Há duas semanas, assessores republicanos da Comissão Econômica Mista do Congresso dos EUA lançaram um relatório – "Gaste Menos, Deva Menos, Faça a Economia Crescer" – no qual defendem que a redução de despesas estatais e de funcionários públicos num ambiente econômico profundamente deprimido irá, na verdade, criar empregos. Em parte, invoca-se a ajuda da "fada da confiança". O argumento principal, no entanto, é pura teoria de Mellon.

Eis a explicação sobre como demissões podem resultar em mais empregos: "Uma força de trabalho estatal mais enxuta aumenta a oferta de trabalhadores qualificados e escolarizados para a iniciativa privada, reduzindo assim os custos trabalhistas". Sem eufemismos, o que está escrito ali é que, ao aumentar o desemprego, particularmente entre "trabalhadores qualificados e escolarizados" – professores, basicamente –, os salários ficarão mais baixos, o que pode acelerar as contratações.

Aqui surge um problema lógico imediato. Os republicanos dizem que a destruição de empregos leva a salários menores, o que, por sua vez, conduz à criação de empregos. Mas será que essa criação de empregos não resultaria em aumentos salariais, o que, por sua vez, levaria à destruição de empregos, e que, por consequência... ? Eu preciso de uma aspirina.
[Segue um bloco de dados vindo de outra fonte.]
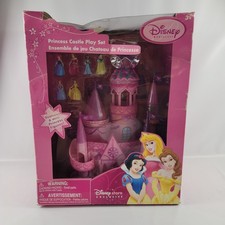 Disney Store Esclusivo Grande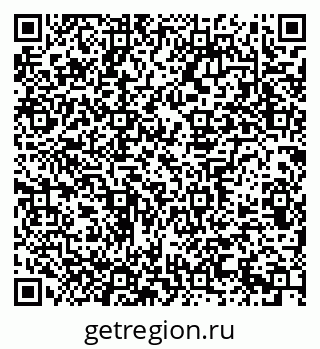 79639309257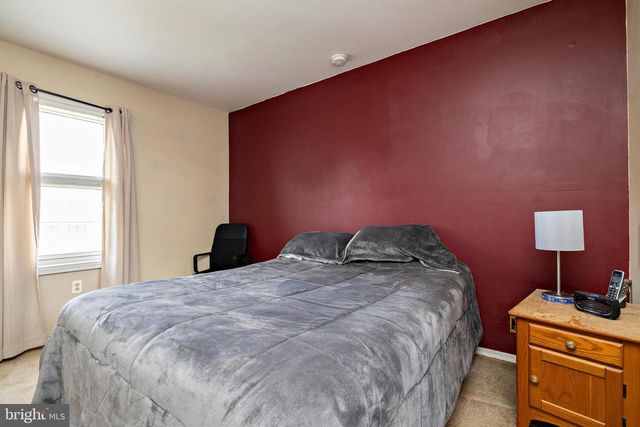 408 ST JOHN, Gloucester City, NJ 08030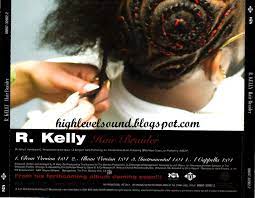 Ada 20 lagu hair braider r kelly klik salah satu untuk download lagu. R Kelly Hair Braider Download New Music R Kelly Hair Braider Rap Up Download For Free And Listen To R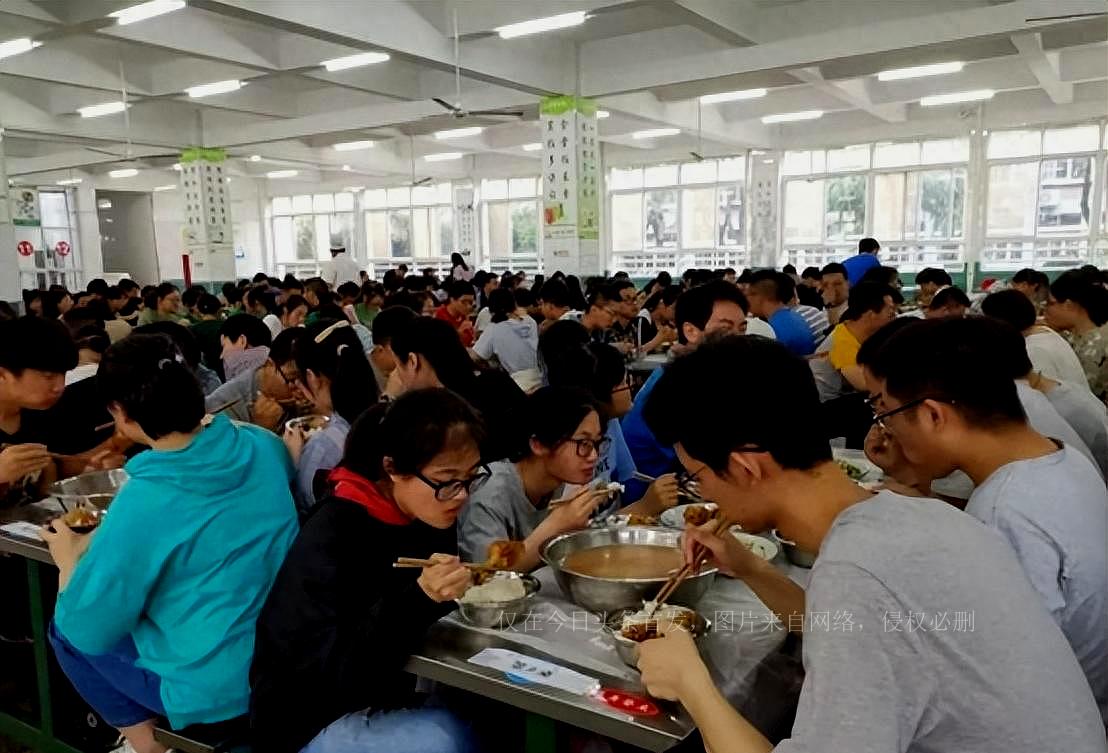 如何報(bào)考國(guó)防科技大學(xué)——全面指南，報(bào)考國(guó)防科技大學(xué)的全面指南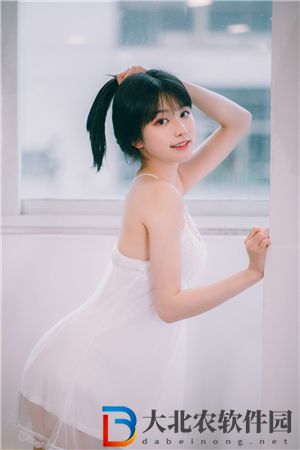 人與9一7禽性7777777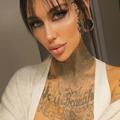 is Female Escorts. | Ft Mcmurray | Alberta | Canada | AmorousHug
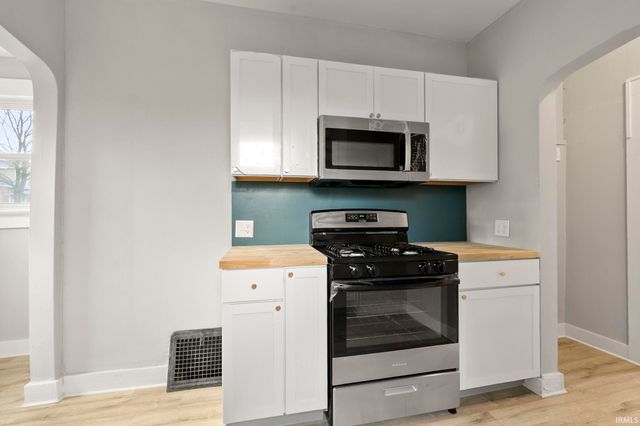 314 W Wildwood Avenue, Fort Wayne, IN 46807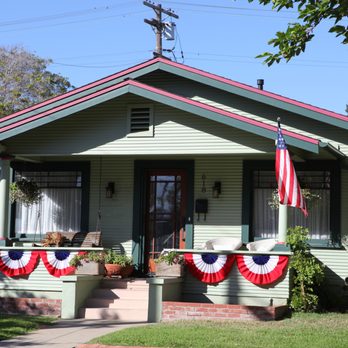 Pacific Sun Properties - Real Estate Services Near Me - Oceanside, California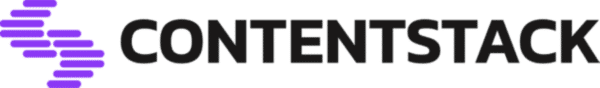 Contentstack
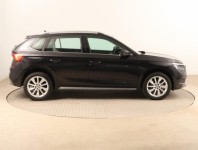 Škoda Kamiq  1.5 TSI Style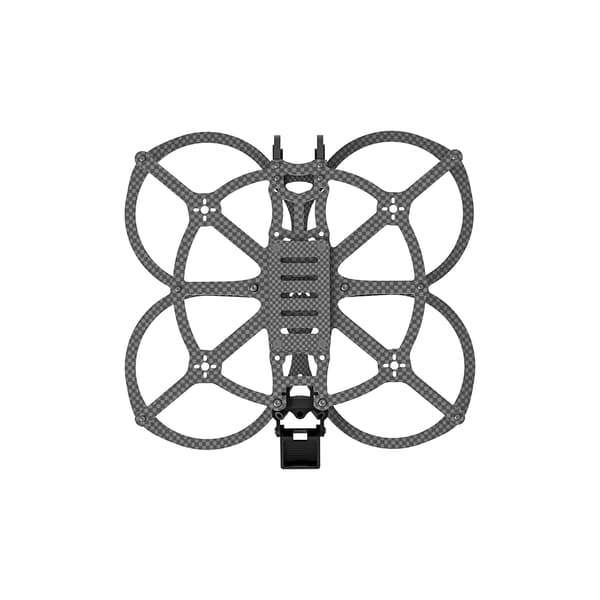 iFlight  AOS Cine35 V5 Ramsats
Além disso, como é que salários mais baixos promoveriam menores níveis de desemprego?

Há nessa história o seguinte oportunismo, que toma a parte pelo todo: já que os trabalhadores de uma empresa podem salvar seus empregos ao aceitar um corte salarial, seria possível reduzir o nível de desemprego por meio de um corte generalizado de rendimentos. Ocorre que, reduções salariais tornaram a General Motors mais competitiva frente a outras companhias cujos custos trabalhistas não foram alterados. Não há como comparar benefícios caso todos os salários sejam reduzidos ao mesmo tempo.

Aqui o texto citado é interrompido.